3. Playing the Edge — Why NO Pain Means More Gain:

Edgework is based on principles of physical, mental, and relational yoga. “The Edge” is the amount of pressure or depth applied in a manual technique or stretch; the ideal level of pressure applied is that which produces the greatest amount of tension or stress reduction in the client, with the least amount of resistance or negative reaction in the client’s psycho-neuro-muscular system.

The Edge is different for everyone at different times, and it often changes rapidly and dramatically. Yet working effectively with the edge is much of what determines how quickly, efficiently, and permanently a client’s neuromuscular and myofascial structure will relax.

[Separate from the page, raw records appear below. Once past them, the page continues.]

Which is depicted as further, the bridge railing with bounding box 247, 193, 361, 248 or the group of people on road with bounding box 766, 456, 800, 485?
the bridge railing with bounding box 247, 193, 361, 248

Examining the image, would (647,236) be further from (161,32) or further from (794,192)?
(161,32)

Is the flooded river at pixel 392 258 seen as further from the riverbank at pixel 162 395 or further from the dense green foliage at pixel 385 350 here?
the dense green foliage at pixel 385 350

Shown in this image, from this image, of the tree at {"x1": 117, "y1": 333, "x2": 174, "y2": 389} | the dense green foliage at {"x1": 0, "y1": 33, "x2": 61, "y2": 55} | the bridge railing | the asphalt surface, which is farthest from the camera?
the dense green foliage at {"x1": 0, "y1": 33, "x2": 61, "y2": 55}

The therapist and the client must maintain a close rapport and open communication (relational yoga) throughout the session so the therapist can stay attuned to the client’s edges and make the necessary moment-to-moment pressure adjustments. While it is the therapist’s responsibility to watch for clues, it is the client’s responsibility to inform, as best as possible, the therapist about whether pressure is too deep, not deep enough, or just right. The Edge Concept also applies to mental and emotional yoga, which is outside the scope of this text.

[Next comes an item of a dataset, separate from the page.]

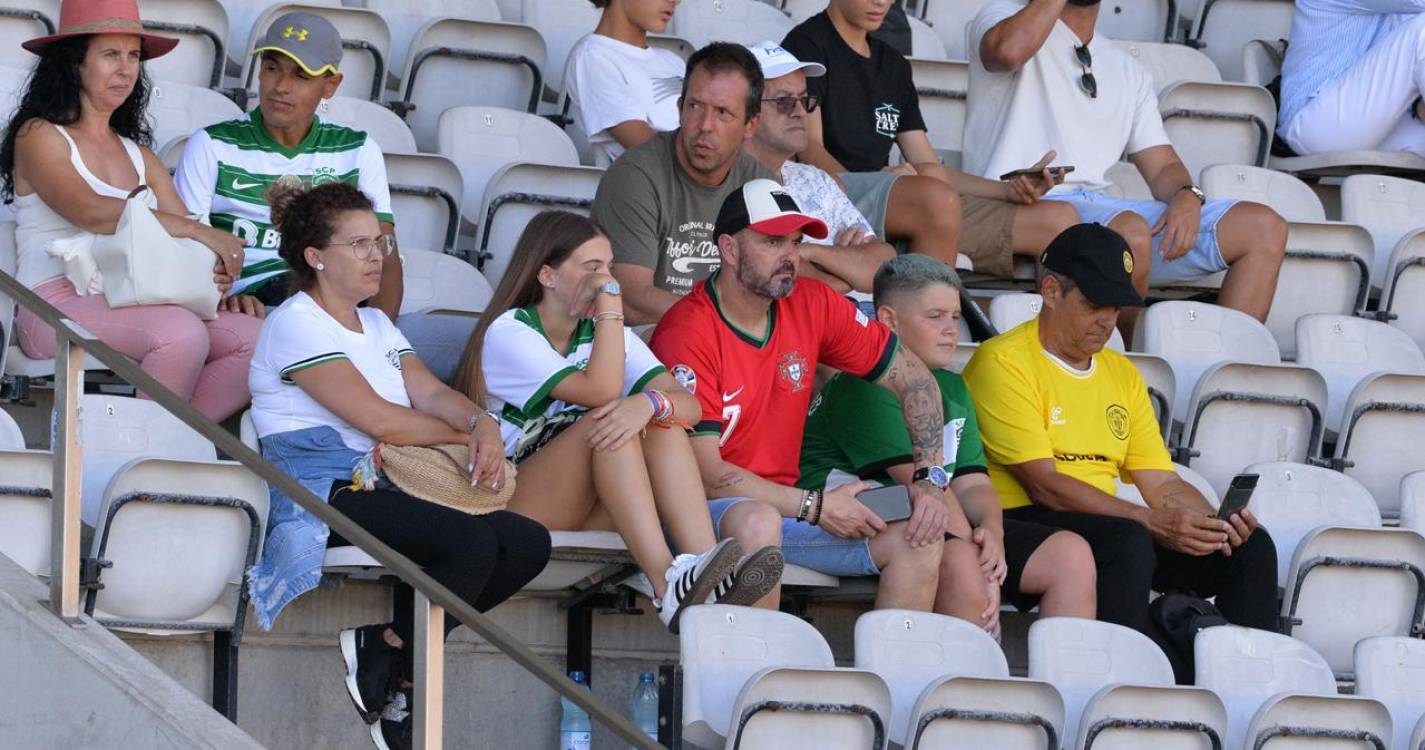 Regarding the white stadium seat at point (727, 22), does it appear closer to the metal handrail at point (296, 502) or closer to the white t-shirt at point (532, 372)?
the white t-shirt at point (532, 372)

Ultimately, being an effective soft-tissue therapy bodyworker requires clarity and honesty about one’s hands-on limitations. Even experienced bodywork therapists continue to be amazed, though not necessarily surprised, by the effectiveness of manual soft-tissue therapies in treating various conditions of the body and mind. 

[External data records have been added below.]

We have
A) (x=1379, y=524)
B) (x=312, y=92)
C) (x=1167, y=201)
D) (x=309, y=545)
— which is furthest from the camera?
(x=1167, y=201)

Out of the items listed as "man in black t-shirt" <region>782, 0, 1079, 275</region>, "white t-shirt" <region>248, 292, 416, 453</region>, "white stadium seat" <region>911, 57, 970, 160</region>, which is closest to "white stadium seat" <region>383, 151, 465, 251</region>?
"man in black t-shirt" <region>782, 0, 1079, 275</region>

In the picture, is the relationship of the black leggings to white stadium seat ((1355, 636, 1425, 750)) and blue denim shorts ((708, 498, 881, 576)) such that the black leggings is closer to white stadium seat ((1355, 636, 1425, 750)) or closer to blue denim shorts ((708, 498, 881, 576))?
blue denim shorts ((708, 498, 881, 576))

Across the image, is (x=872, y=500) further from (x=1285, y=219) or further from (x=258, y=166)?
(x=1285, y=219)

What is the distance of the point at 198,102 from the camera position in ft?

For certain problems, manual therapies, such as massage, bodywork, and related modalities, are the most effective and least dangerous forms of healing. When hands-on work is warranted—and it often is—other modalities are merely palliative or miss the healing opportunity altogether, often to the detriment of the client. The challenge is for the client’s primary physician to determine whether C.E.M.&.N.T. is the client’s primary concern.

Unfortunately, massage therapy is often thought of as palliative but not effective for real healing. Many of the more commonly known massage techniques do not involve aggressively therapeutic massage and bodywork. “Modern” Swedish* Massage, for example, is excellent for general relaxation and surface circulation, but it cannot create the deeper psycho-neuro-muscular and myofascial changes necessary to facilitate certain levels of healing, especially when the origin of the problem is structurally related.

    • Swedish Massage many years ago was much more therapeutically focused or “aggressive.” in the last few decades, however, it has become more associated with “relaxation,” “luxury,” or “spa” style massage. … It was the “Old Time” Swedish practitioners who practiced far more like the more therapeutically methods available today.

Generally speaking, then, Swedish Massage directly addresses only more superficial tissues. While the indirect and deeper effects of Swedish massage — especially if received on a regular & frequent basis — are substantial and beneficial, they are not sufficiently focused on overt structural change, which is often necessary to create healing.

Many clients have tried a wide range of treatments with minimal results. Yet improvement was dramatic once the structural issues, or distant neurologically transmitted irritations, were addressed.

Neuromuscular Therapy and similar treatments are excellent for focused work on trigger points or specific tensions, and some neurological irritations. However, they do little for structurally transmitted strains. While these treatments do address some neurologically transmitted irritations, also known as “referrals” they do not usually treat the more distant, extreme, or elusive irritations.

Effective healing often requires exploring a wide range of modalities and practitioners—because one size does not fit all. It is important to educate potential clients about the vast range of diverse techniques that encompass “bodywork.” Being able to describe the differences between the various approaches is an important part of being a manual therapy practitioner.

Although both education and experience are vital to one’s ability to produce results, experience—an education in itself—is more critical. Well-educated practitioners, however, gain far more from their experience than do practitioners with little or no education on which to build.